Date: Sunday, December 12, 2021, 4:45pm ET

This preclinical study evaluated escalating doses of a tool CD117-ADC. As monotherapy conditioning, a single dose of the CD117-ADC allowed for efficient engraftment of gene-modified autologous stem cells in a rhesus model of gene therapy, without chemotherapy or radiation conditioning. Engraftment of gene-modified stem cells achieved with monotherapy CD117-ADC was robust and durable, equivalent to that achieved with four doses of myeloablative busulfan conditioning. Sustained gene expression of hemoglobin F was confirmed at the protein level in this CD117-ADC-conditioned rhesus transplant model of gene therapy for sickle cell disease. Compared to chemotherapy or radiation-based conditioning regimens, conditioning with monotherapy CD117-ADC could be both sufficiently potent and well tolerated to improve the safety and risk benefit profile for gene therapies that require stem cell transplantation.

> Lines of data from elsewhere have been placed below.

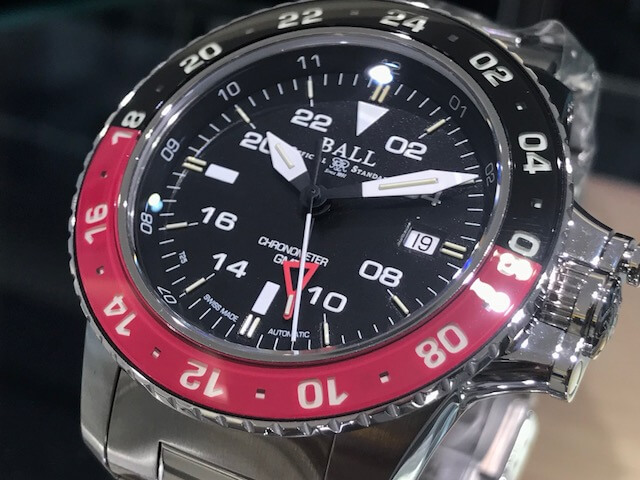 ボール ウォッチ Ball Watch エアロ Gmt 人気モデル ブランド腕時計の正規販売店紹介サイトgressive グレッシブ ボール ウォッチ Ball Watch エアロ Gmt 人気モデル ブランド腕時計の正規販売店紹介サイトgressive グレッシブ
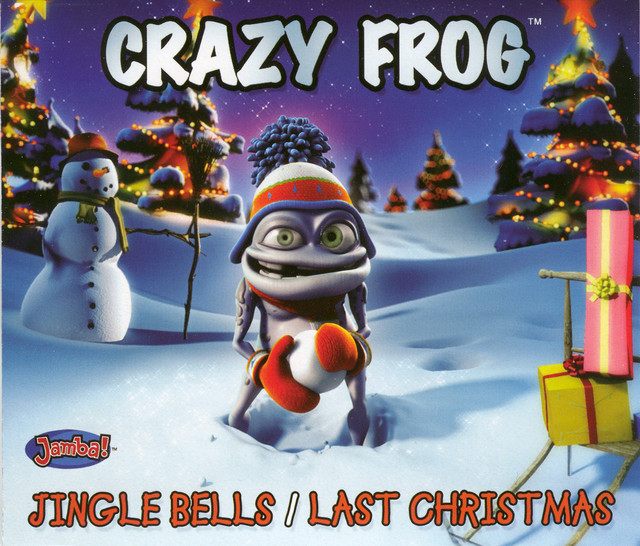 Jingle Bells (New Club Mix) - song and lyrics by Crazy Frog | Spotify
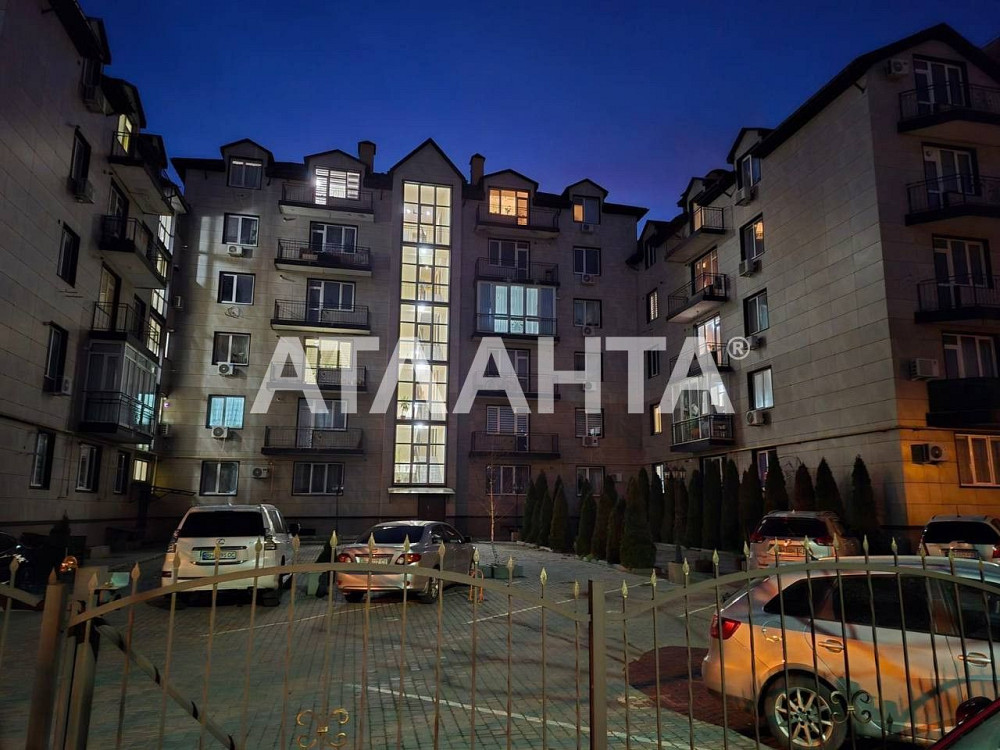 Однокомнатная квартира в ЖК Лондон Odesa - photo 2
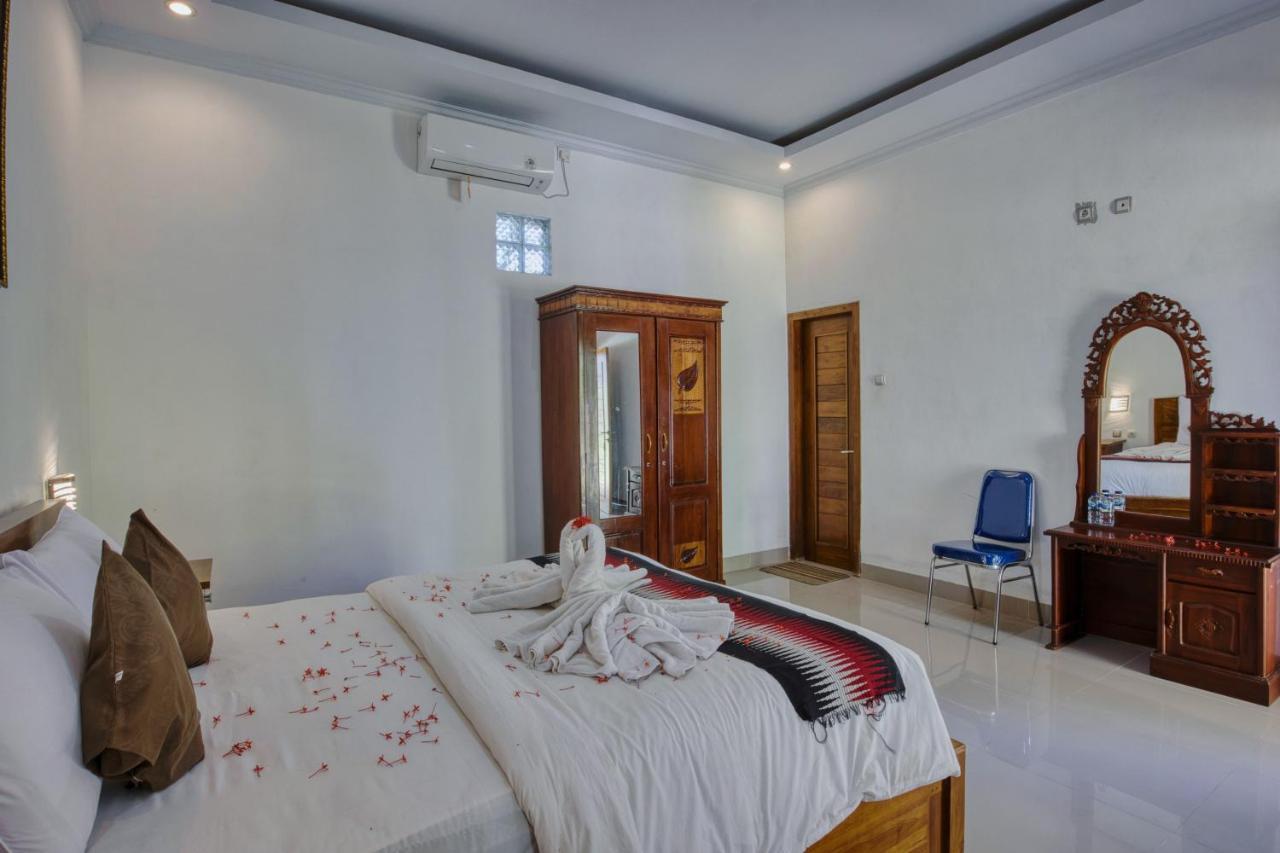 Coconut Hill Cottage Batununggul Εξωτερικό φωτογραφία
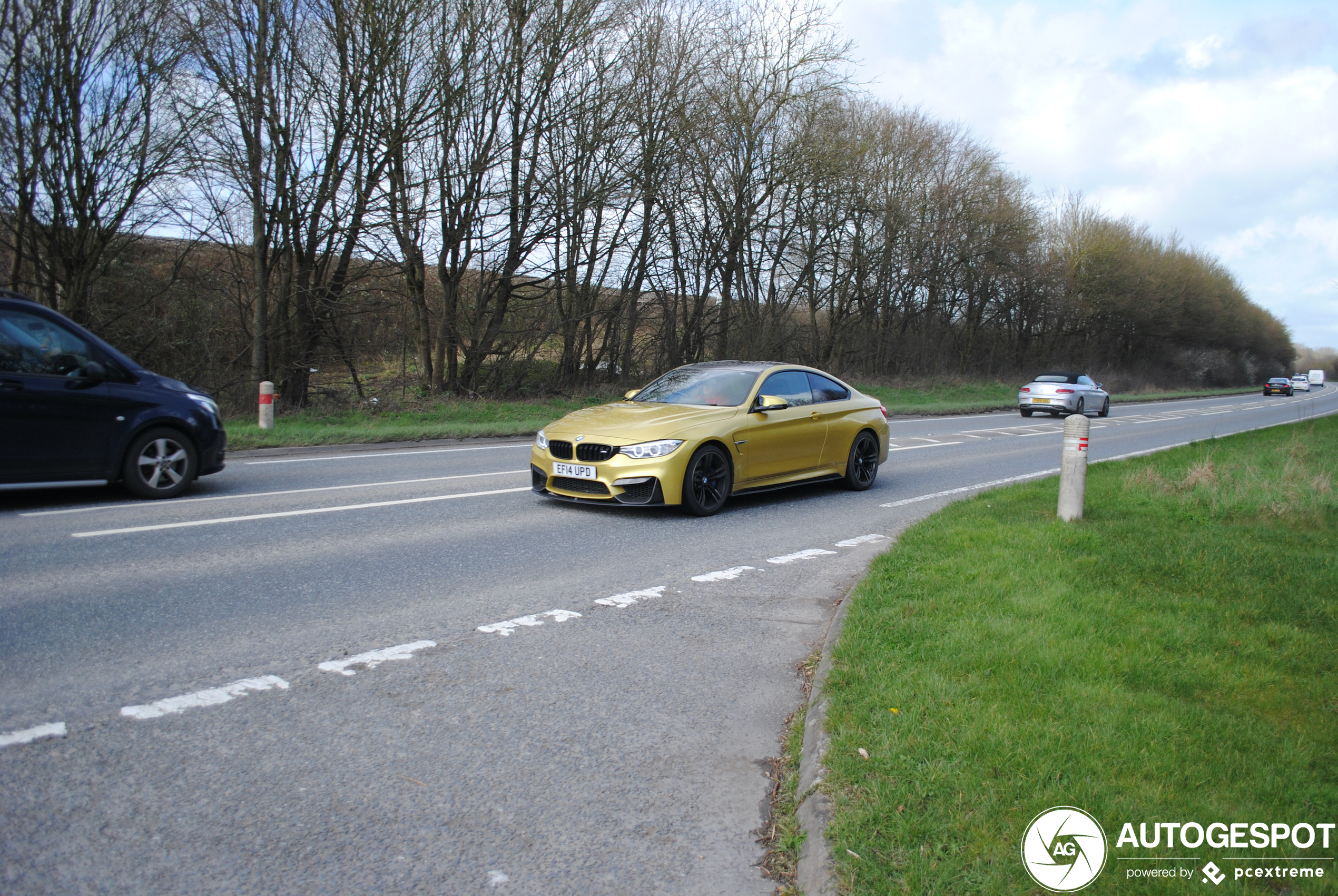 BMW M4 F82 Coupé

Poster Presentation Highlighting Preclinical Data of Targeted ADC Conditioning Program:

Title: CD117-Targeted ADC, in Combination with Lymphodepleting Antibodies, Enables Allogeneic Hematopoietic Stem Cell Transplantation in Mice without Chemotherapy or Radiation (Poster #1682)

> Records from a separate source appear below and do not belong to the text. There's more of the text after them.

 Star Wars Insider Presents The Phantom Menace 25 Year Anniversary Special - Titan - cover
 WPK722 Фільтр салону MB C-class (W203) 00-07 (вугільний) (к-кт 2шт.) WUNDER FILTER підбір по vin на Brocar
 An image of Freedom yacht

Presenting Author: Leanne Lanieri, M.S., Magenta Therapeutics, Inc.

Date to View Poster Presentation: Saturday, December 11, 2021, 5:30pm – 7:30pm ET

This study evaluated the combination of a tool CD117-ADC with lymphodepleting antibodies as the conditioning regimen in a murine model of allogeneic HSC transplantation. The targeted conditioning regimen enabled complete donor chimerism in a fully mismatched allogeneic HSC transplant murine model, without use of chemotherapy or radiation. Antibody-based targeted conditioning regimens could offer a more favorable risk-benefit profile over chemotherapy and radiation-based conditioning regimens. An improved risk benefit profile, in turn, could extend the curative potential of allogeneic HSC transplantation to more patients with malignant and non-malignant diseases who otherwise would not be eligible for HSC transplantation.